In mid-May, according to Thurain, two members of his group were arrested—not because of their involvement in the underground but because they had participated in public protests. This caused the group to issue an order to its members: do not attend the demonstrations. An arrest of any member poses a danger to the entire unit. Following these arrests, the police took actions against their group that prompted Thurain and his colleagues to conclude that the arrested pair had been tortured and provided information on their cell. (Other detainees have described being tortured while being held.)
Several weeks prior to these arrests, two other people from the group were captured and killed. “They exposed me,” Thurain said. “The police don’t know my name, but they know someone like me exists, doing what I do.” He believes the security forces have been pursuing him. Consequently, he moves from one location to another frequently, often residing with friends. At one point in April, he was staying at an apartment in a compound, when a police raid occurred and the compound was searched. The apartment where he was hiding was the only one in the compound the police skipped. He often is terrified and has tried to calm himself through painting, writing poems, and meditation. (The military junta has killed several poets and imprisoned more than 30, according to the country’s National Poets’ Union.)
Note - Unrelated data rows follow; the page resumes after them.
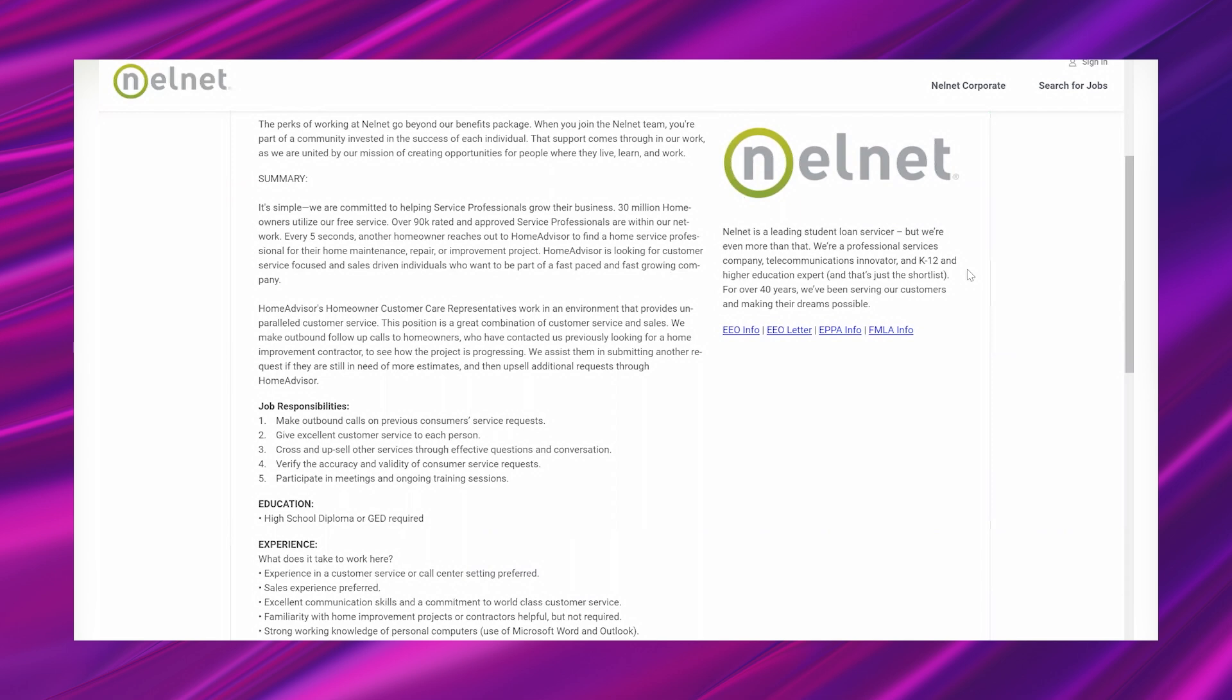Home Advisor is looking for customer service focused and sales representatives. Homeowner customer care representatives work in an environment that provides unparalleled customer service. This position is a great combination of customer service and sales. We make outbound follow-up calls to homeowners who have contacted us previously looking for a home improvement contractor to see how the project is progressing. We assist them in submitting another request if they are still in need of more estimates and then upsell additional requests through Home Advisor. So job responsibilities: make outbound calls on previous customer service requests, give excellent customer service to each person, cross and upsell other services through effective questions and conversation, verify the accuracy and validity of consumer service requests, participate in meetings and ongoing training sessions.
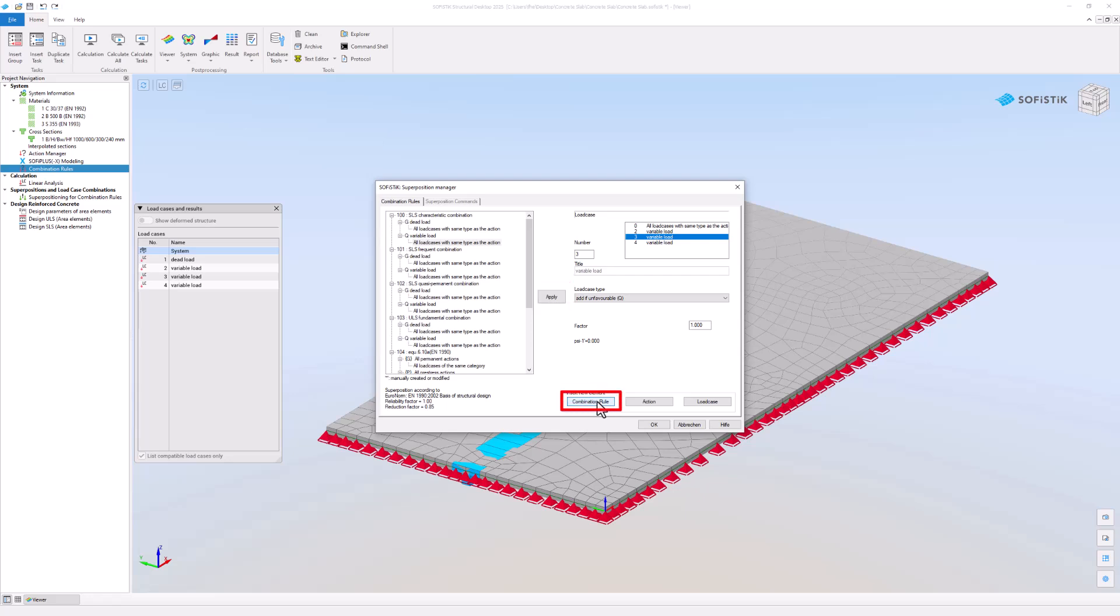You can create combinations, assign actions and select the considered load cases. To create a new combination, select the Combination Rule.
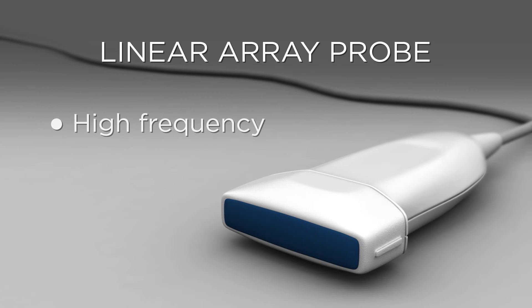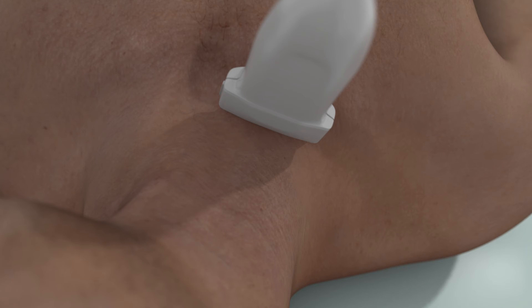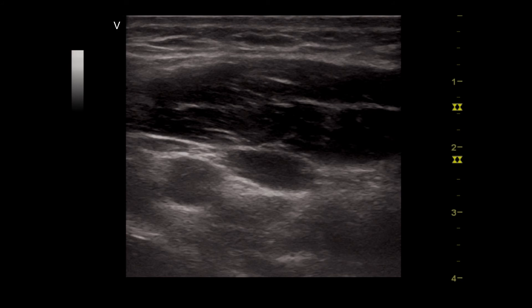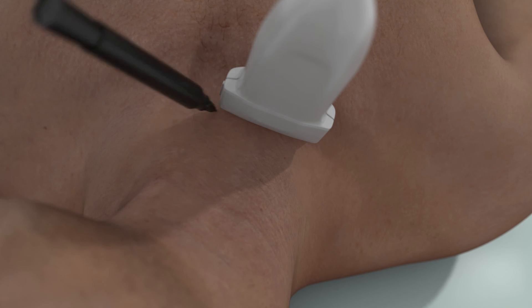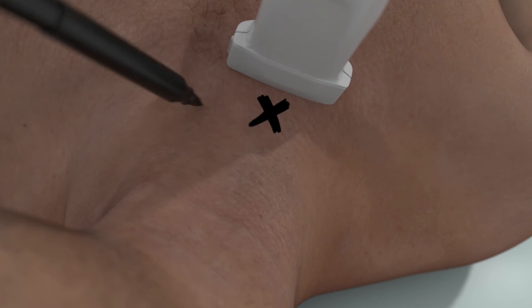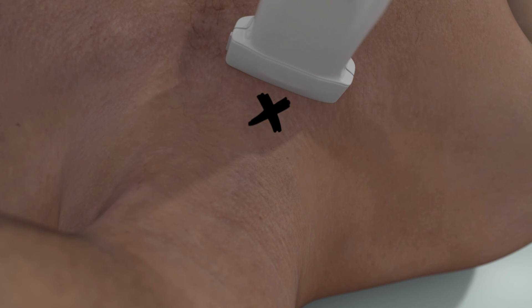A linear array high frequency probe is ideal for this procedure. An initial transverse view of the carotid artery and jugular vein is obtained 2 to 3 centimeters above the clavicle, between the two heads of the sternocleidomastoid muscle. The probe should be positioned so that the jugular appears in the exact center of the screen. The goal at this point is to mark the optimum area for needle insertion prior to creating a sterile field, and the mark should align with the center of the probe.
With some hesitation, Thurain returns to topic of using violence. He and his covert colleagues are not eager to adopt such measures, he insists: “We try all the time to get them”—his unit’s targets—”to leave. Only if they don’t, we take the next step.” He pauses and then continues: “We did it one time.”
There was a man in a nearby township who was running a spy ring aimed at the pro-democracy opposition, Thurain says. His operation had provided information to the military and police that led to the deaths of at least 10 people and the arrests of others. “People were so afraid in that township,” he recalls. This target had bodyguards, but Thurain’s group, using information from someone close to the alleged spy, found a way to evade the guards. Two members got close and killed him.
“With weapons?” I asked. “There were no weapons,” Thurain replies. “And nobody knew what happened to him. He just disappeared. We didn’t claim credit. We never claim credit. Our group is a ghost group.”
Wasn’t it hard to make a dead body disappear? “It’s not complicated,” he says. “It’s very simple. I don’t want to tell.”
Reflecting on this particular operation, Thurain observes, “Assassinations are very extreme, and we are not extremists. There is nothing more painful. When we are in a revolution there are things we don’t want to do but we must. I’m a businessman, a corporate consultant. But in a revolution there are things we don’t want to do but we have to do. I’m not comfortable with that. That’s what you must know.” And with a sadness in his voice, he adds, “I grew up under the military government [which ruled from 1962 until the 2010s]. We don’t want to go back. I’m the owner of three businesses. Me and the other people don’t want to go back to the previous dark ages. We’re fighting for our hope. You guys are lucky to be in your country. We still have to fight.”